July 16, 2016 12:00 am Published by Leave your thoughts

Breaking taboos is the big yawn of our modern commerce dominated culture so I hesitate to recommend a movie that seems, superficially at least, to be gratuitously designed to break as many taboos as is conceivably possible within the confines of its two hour duration. But while it may not be for the squeamish or the easily offended, there is actually hardly any nudity and very little sex in this saga of a young girl’s search for fame and fortune in the ruthless fashion industry of LA. The topics of necrophilia and cannibalism that crop up in the course of the story are perhaps about as taboo-breaking as you can get these days. But to quote the late Kenny Everett, surprisingly, it is all done “in the best possible taste”.

Visually Danish director Nicolas Winding Refn’s film is absolutely stunning and sumptuous, while the dialogue has all the epigrammatic qualities that one associates with Wilde. Indeed, the screenplay is quite Pinteresque in its deliberate choice of words to create maximum impact which effortlessly enables it to construct a sinister atmosphere that pervades the film from its very first scene.

In terms of the mood, the colour scheme of shades of purple, blue and red, combined with the setting and the character types, we are lodged firmly in the world of David Lynch. It is that dark hinterland on the edge of the city where the innocent ventures only to become corrupted if not annihilated. It is a case of Blue Velvet meets Mulholland Drive.

The glamorous world of the fashion industry has its dirty underside. It is a world where male photographers literally call all the shots and are free to prey on the young models, who know they must remain always passively compliant if they want to make a lot of money out of their prettiness.
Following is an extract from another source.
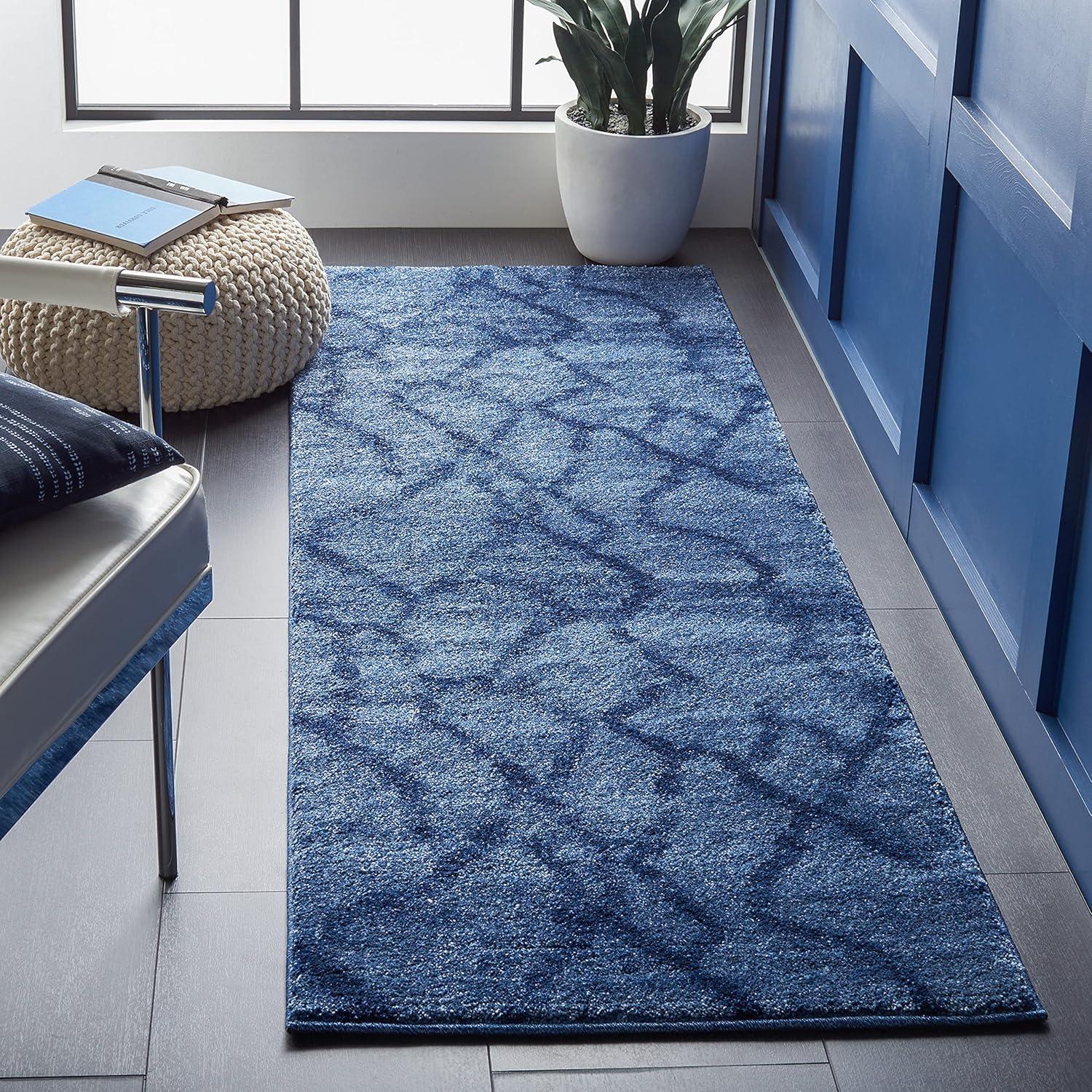 image:imageSAFAVIEH Retro Collection Area Rug 53 x 8 Blue amp Dark Blue Modern Abstract Design NonShedding amp Easy Care Ideal for High Traffic Areas in Living Room Bedroom RET21446570BlueDark Blue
As the heroine believes, she has no talent, apart from her prettiness.

Played by newcomer Elle Fanning, who looks like a young Cara Delevingne, Jesse is a naive 16 year old orphan who pretends to be three years older to get a job, convincing no-one but allowed to work all the same. “People will believe whatever they are told,” her agent comments.

It is the traditional theme of virtue in peril, but there is no triumph over adversity at the end. Staying in a cheap motel, Jesse finds herself in Psycho territory complete with the predatory motel manager who betrays the tendencies of a paedophile and who we are led to believe sexually assaults a resident in an adjourning room. When what appear to be screams for help next door, the heroine takes flight only to find herself in a far more dangerous place where she ultimately meets her death by falling into an empty pool, which slow begins to fill with her blood as she lies writhing in agony.
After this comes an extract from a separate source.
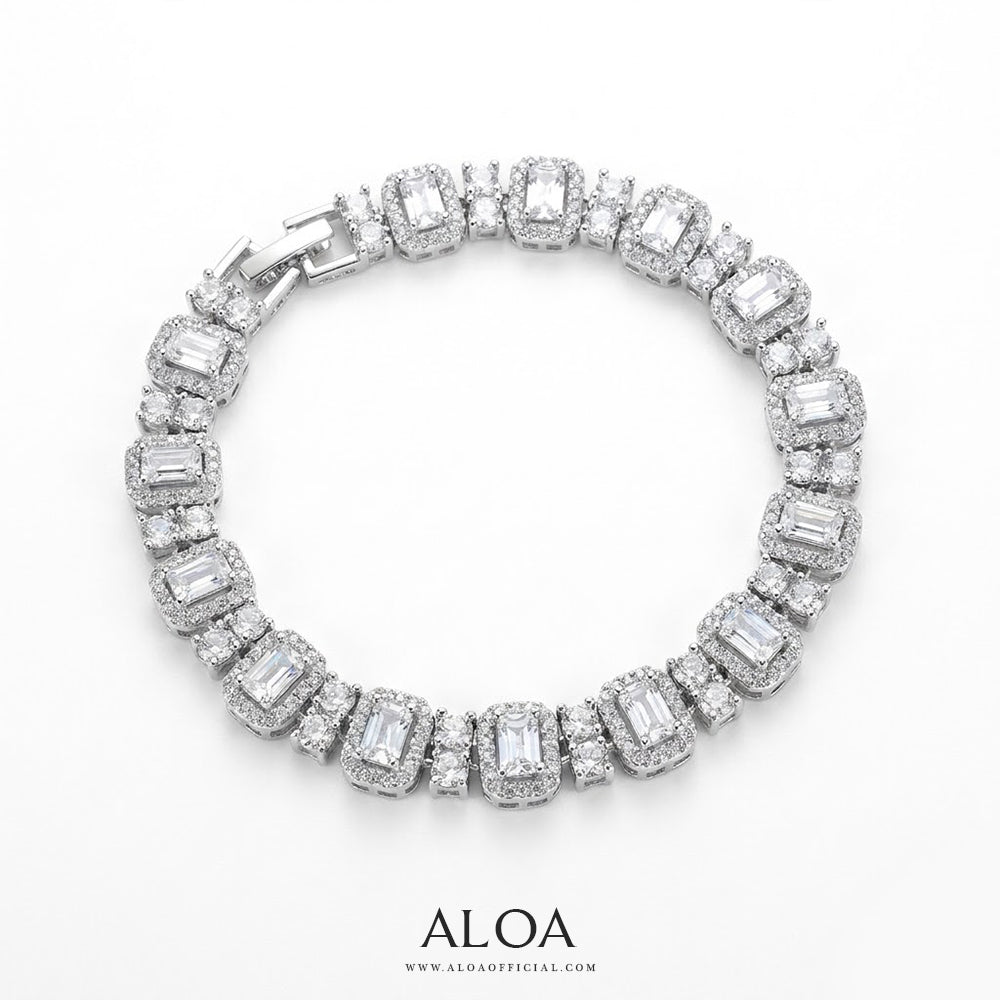 Emerald Cut CZ Tennis Bracelet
It is a grim, uncompromising ending, the death of the heroine, who begins as an embodiment of goodness only to become gradually corrupted as she quickly learns how to hustle in the cynical world. It is shocking like the ending of Samuel Richardson’s 18th century novel, Clarissa, where the heroine dies struggling to preserve her virtue intact after an ordeal unfolding over several thousand pages.
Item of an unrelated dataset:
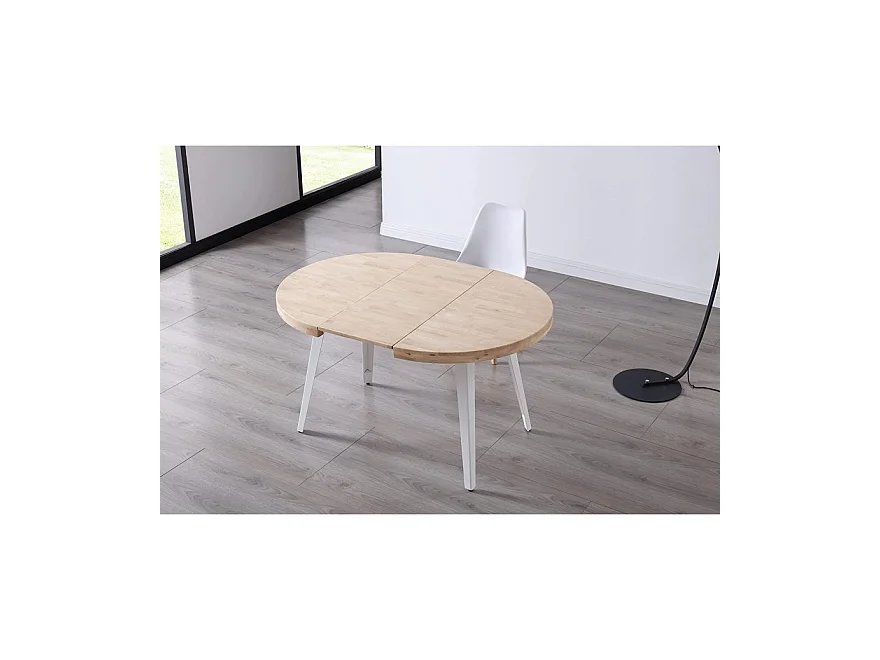Table à manger ronde extensible en bois coloris chêne nordique / pieds blanc - diamètre 100-180  x hauteur 76 cm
Jesse realises that she no longer wants to be like older models, who are already well past their sell by date when they reach their mid-twenties; in truth, it is they who want to be her, because of her natural beauty and the unblemished innocence that they will never again be able to recapture.

This is all very reminiscent of David Lynch and it is surprising how few reviewers seem to have made this connection.

When asked how she dealt with a rival who stole an assignment from her, one of the older models nonchalantly replies with the words, “I ate her”. Having just witnessed the ugly death of the young heroine in the previous scene, one suspects that her reply isn’t mere hyperbole. And so it proves. In the very next scene one of the models vomits up the heroine’s eye ball only for her friend to immediately pick it up and devour it herself. All very symbolic of a dog eat dog world and it makes the severed ear at the start of Blue Velvet appear rather tame.

The Neon Demon is a cautionary tale, a visual feast and a disturbing examination of a profession whose reality is actually far more disturbing in its ruthlessness than the fiction presented on screen. One recalls the stories recounted by former super models of the molesting and sexual assaults they felt compelled to endure at least until they became famous. The film is a bold statement about the total callousness and inhumanity of an industry of which the media and popular culture are totally obsessed. The stark ending has its necessary shock value to awaken us out of our complacency that we can allow such vile exploitation of teenage girls for male gratification to carry on and do nothing about it. As such it is a necessary movie and something of a flawed masterpiece. It not to everyone’s taste; indeed, on the day that I saw it, the cinema emptied well before the end credits started to roll.

I don’t imagine much popcorn was consumed on that occasion too. Clearly, it does not make for easy viewing. Nevertheless, it has all the hallmarks that will ensure it is destined to become a cult classic.